29. Januar 2016 Markenrecht: Änderung der Gemeinschaftsmarken in Unionsmarken

Seit dem 12. Januar 2016 ist eine neue EU-Richtlinie 2015/2436 zur Angleichung der Rechtsvorschriften der Mitgliedstaaten über die Marken in Kraft. Dies hat auch einige Änderungen der Gemeinschaftsmarkenverordnung zur Folge, die ab dem 23. März 2016 in Kraft treten wird.




Nachfolgend fassen wir die Änderungen für Sie zusammen:

1. Änderung der Bezeichnungen:

  • Der Name „Harmonisierungsamt für den Binnenmarkt - Marken, Muster und Modelle“ (HABM) ändert sich in „Amt der Europäischen Union für geistiges Eigentum“ (englisch kurz: „EUIPO“).
  • Die Gemeinschaftsmarke (englisch: Community Trade Mark, CTM) heißt künftig „Unionsmarke“ (englisch: European Trade Mark, EUTM).
  • Die Gemeinschaftsmarkenverordnung (englisch: Community Trade Mark Regulation, CTMR) wird in „Unionsmarkenverordnung“, kurz: „UMV“, (englisch: European Trade Mark Regulation, EUTMR) umbenannt.
  • Der Präsident des Markenamts heißt künftig „Exekutivdirektor“ (englisch: Executive Direktor). Der Vizepräsident heißt künftig „Deputy“.
  • Das „Administrative Board“ wird zu „Management Board“.

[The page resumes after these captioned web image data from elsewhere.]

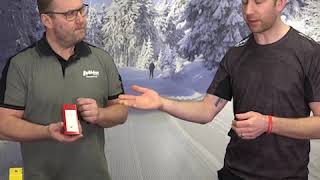Pölder Sport Vallatipsar Vreta Ski Maraton
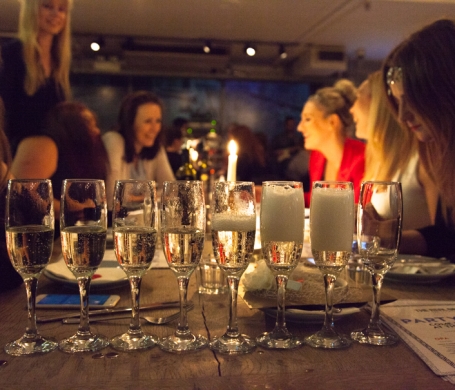The Real Greek - Greek Food & Ingredients - Party Prosecco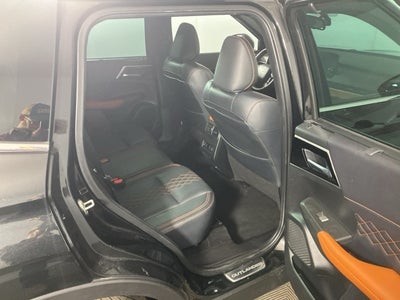 2023 Mitsubishi Outlander SEL 40th Anniversary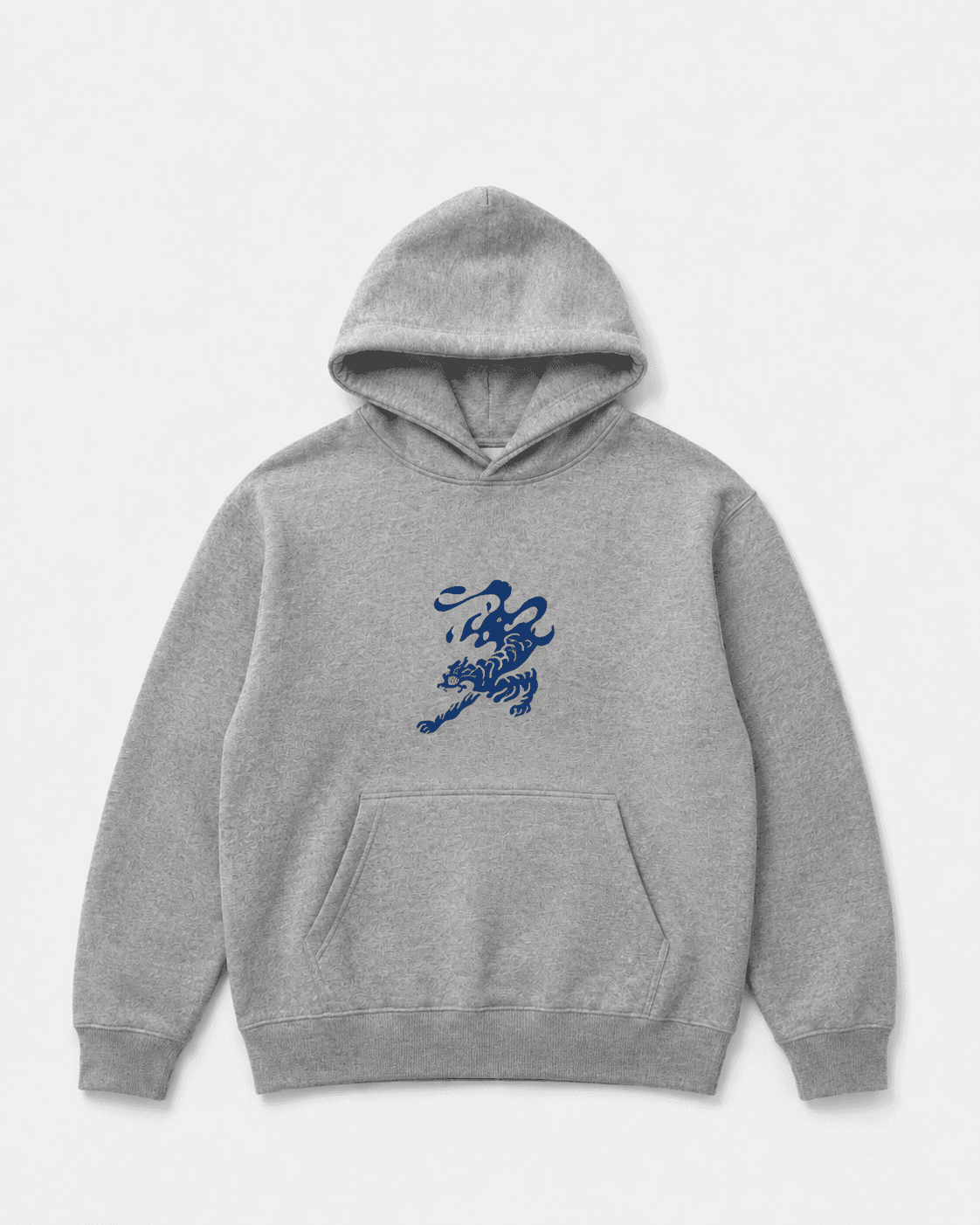 Custom hoodie met eigen opdruk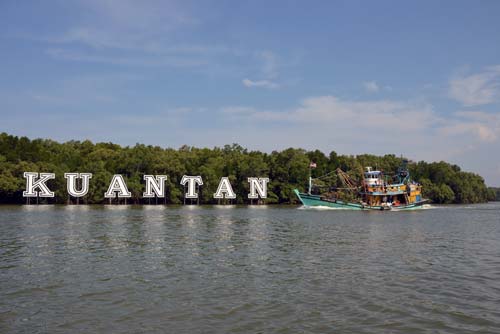 boat kuantan-AsiaPhotoStock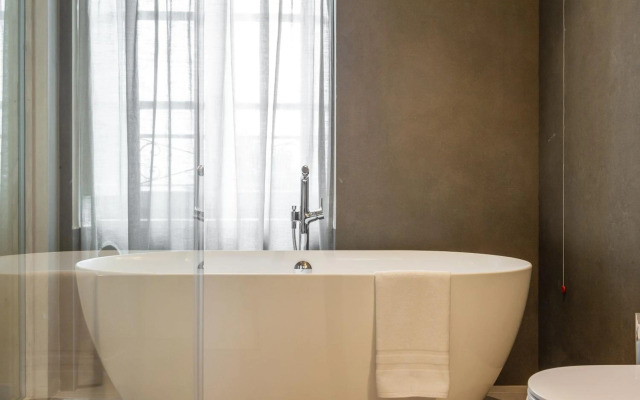 Relais San Vigilio al Castello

2. Formalien und Anmeldeverfahren:

  • Es werden binnen 21 Monaten sog. „Unionsgewährleistungsmarken“ eingeführt werden. Diese Marken erlauben – ähnlich wie Kollektivmarken – der betreffenden Einrichtung oder Organisation, die Inhaberin dieser Marken ist, den Teilnehmern eines Gewährleistungssystems diese Marken für die Benutzung als Zeichen für Waren oder Dienstleistungen, die die vorab festgesetzten Gewährleistungsanforderungen erfüllen, zur Verfügung zu stellen.
  • Künftig wird es nicht mehr möglich sein, über die nationalen Markenämter Anmeldungen für Unionsmarken einzureichen. Sie müssen direkt vor dem neuen Unionsmarkenamt (EUIPO) eingereicht werden.
  • Die Benachrichtigungen über Unionsmarkenrecherchen und Unterrichtungsschreiben seitens des EUIPO werden vereinfacht werden. Nutzer werden wählen können, ob Ihnen diese Rechercheberichte und Schreiben zugesendet werden sollen oder ob sie zur Beschleunigung des Verfahrens darauf verzichten möchten.
  • Künftig wird es nicht mehr möglich sein, einen Disclaimer, d. h. eine Verzichtserklärung, um eine Zurückweisung wegen absoluter Schutzhindernisse zu vermeiden, eintragen zu lassen, weder von Amts wegen, noch freiwillig.
  • Bemerkungen Dritter im Anmeldeverfahren (sogenannte Third Party Observations) sollen nunmehr vor Ablauf der Widerspruchsfrist, oder im Falle eines Widerspruchs, vor der abschließenden Widerspruchsentscheidung eingereicht werden.
  • Des Weiteren kann das EUIPO künftig das Prüfungsverfahren bezüglich einer Unionsmarke jederzeit vor Eintragung der Marke wiedereröffnen.
  • Künftig müssen Anträge auf Inanspruchnahme der Priorität einer anderen Marke zusammen mit der Anmeldung der Union Marke eingereicht werden. Eine nachträgliche Einreichung dieses Antrags ist nicht mehr möglich.
  • Eine beschleunigte Anmeldung ist nunmehr gegen weitere Gebühren möglich.
  • Bei der Eintragung von Rechtsübergängen (Eintragung von Lizenzrechten, dinglichen Rechten etc.) sind künftig Unterlagen, aus denen sich der Rechtsübergang nachweisen lässt, zusammen mit dem Antrag vorzulegen. Im Hinblick auf Lizenzrechte kann künftig auch die Lizenzart und der räumliche Geltungsbereich der Lizenz im Register eingetragen werden.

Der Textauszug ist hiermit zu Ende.